● **Work to be completed**
From the line containing "CONVERSE Chuck Taylor" through the last line below, copy every line exactly, leaving out the pictures.

● **Given entries**

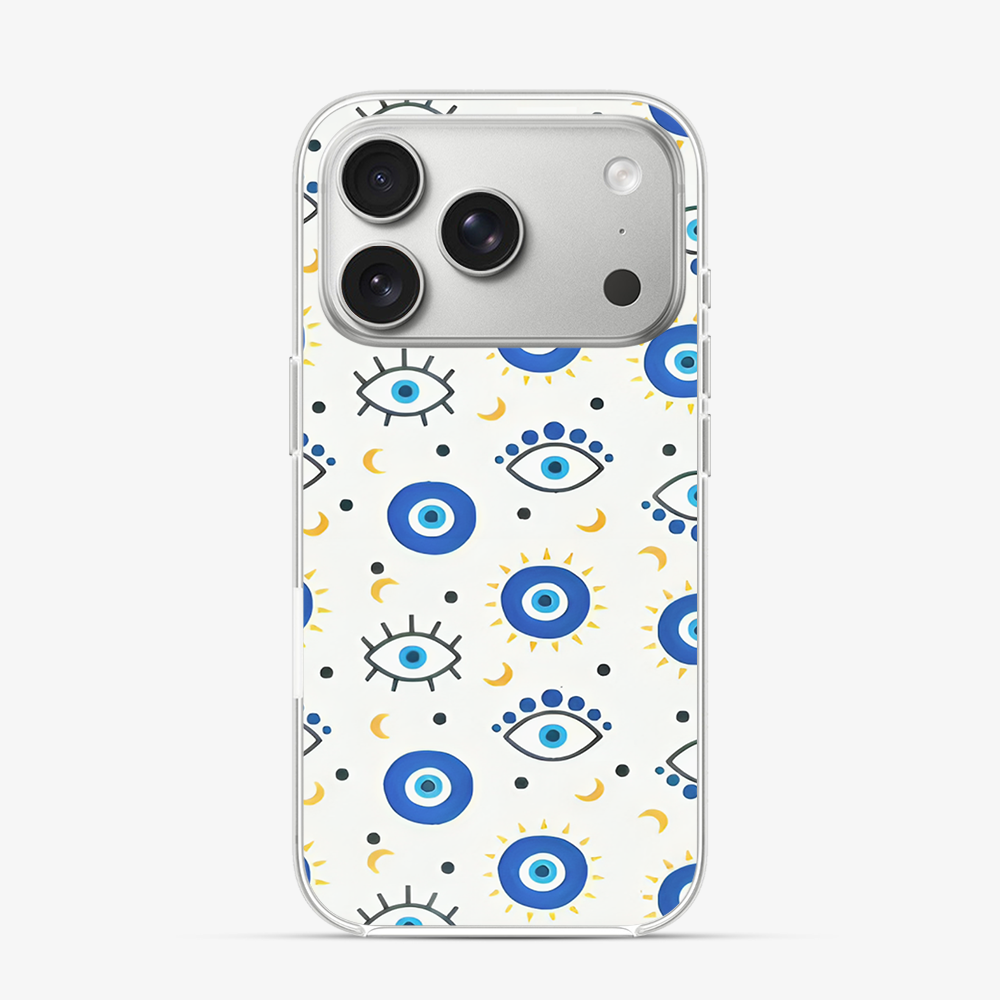 Evil Eye iPhone 17 Pro Max Case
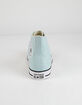 CONVERSE Chuck Taylor All Star Seasonal Color Light Blue Womens High Top Shoes image number 4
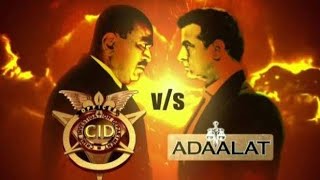 Adalat vs CID  🔴নতুন পর্ব  আদালত ২০২৪  Adalat 2024  New Adalot 2024  Bangla Adalat 2024  cid [upl. by Airakaz727]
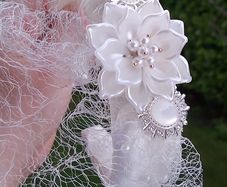 Handmade headpiece
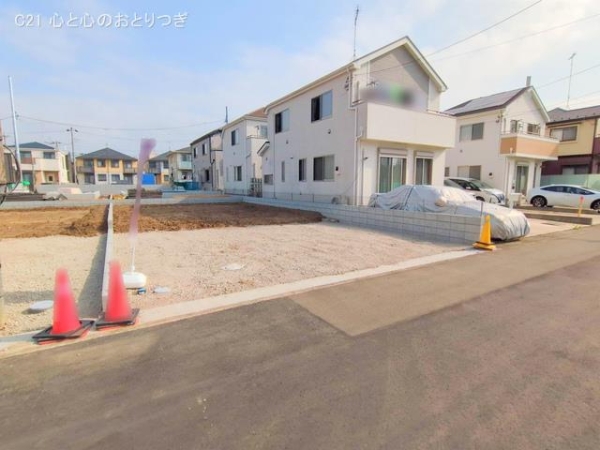大和市上和田23　1期　新築分譲住宅　9号棟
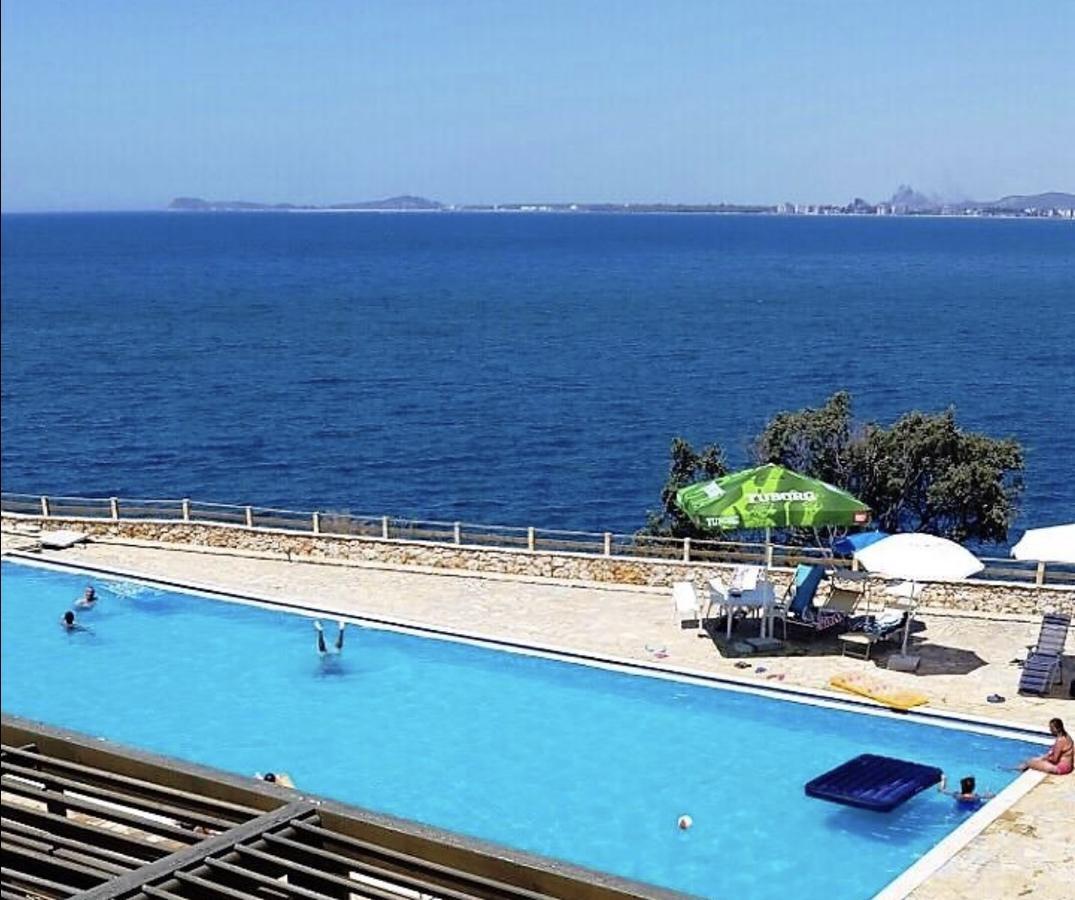 Vila Rina At Aquamarine Residence Avlonya Dış mekan fotoğraf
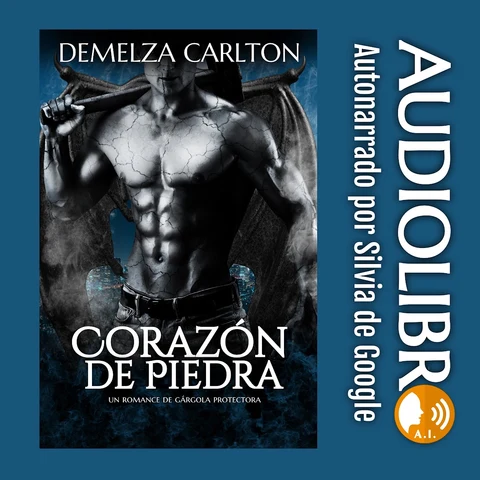 Portada de Corazón de Piedra: Un Romance de Gárgola Protectora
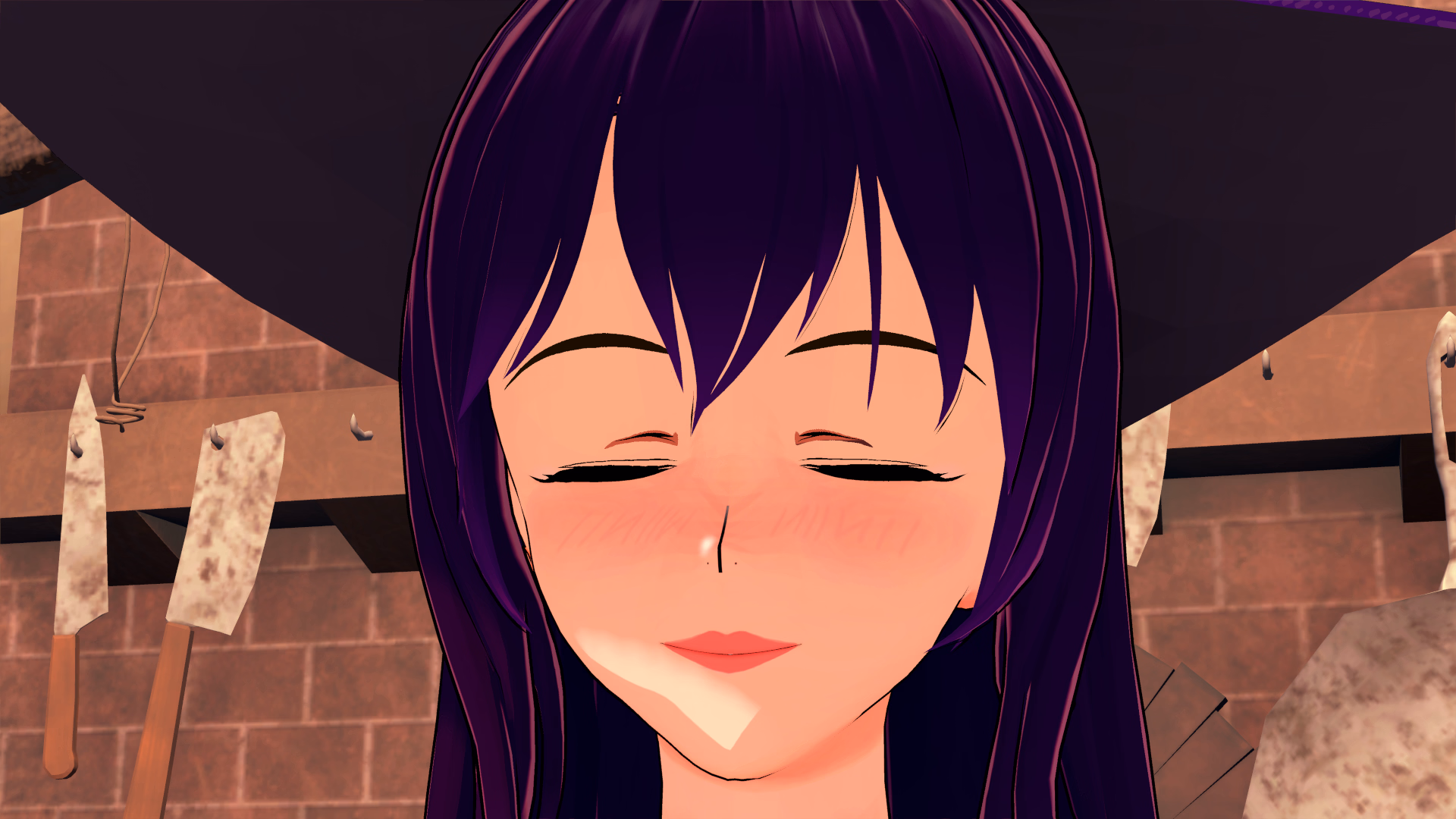 VN Ren'Py Completed Futa on The Elixir [v1.0][Purple Pulse] screenshot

● **Answer box**
 CONVERSE Chuck Taylor All Star Seasonal Color Light Blue Womens High Top Shoes image number 4
 Adalat vs CID  🔴নতুন পর্ব  আদালত ২০২৪  Adalat 2024  New Adalot 2024  Bangla Adalat 2024  cid [upl. by Airakaz727]
 Handmade headpiece
大和市上和田23　1期　新築分譲住宅　9号棟
 Vila Rina At Aquamarine Residence Avlonya Dış mekan fotoğraf
 Portada de Corazón de Piedra: Un Romance de Gárgola Protectora
 VN Ren'Py Completed Futa on The Elixir [v1.0][Purple Pulse] screenshot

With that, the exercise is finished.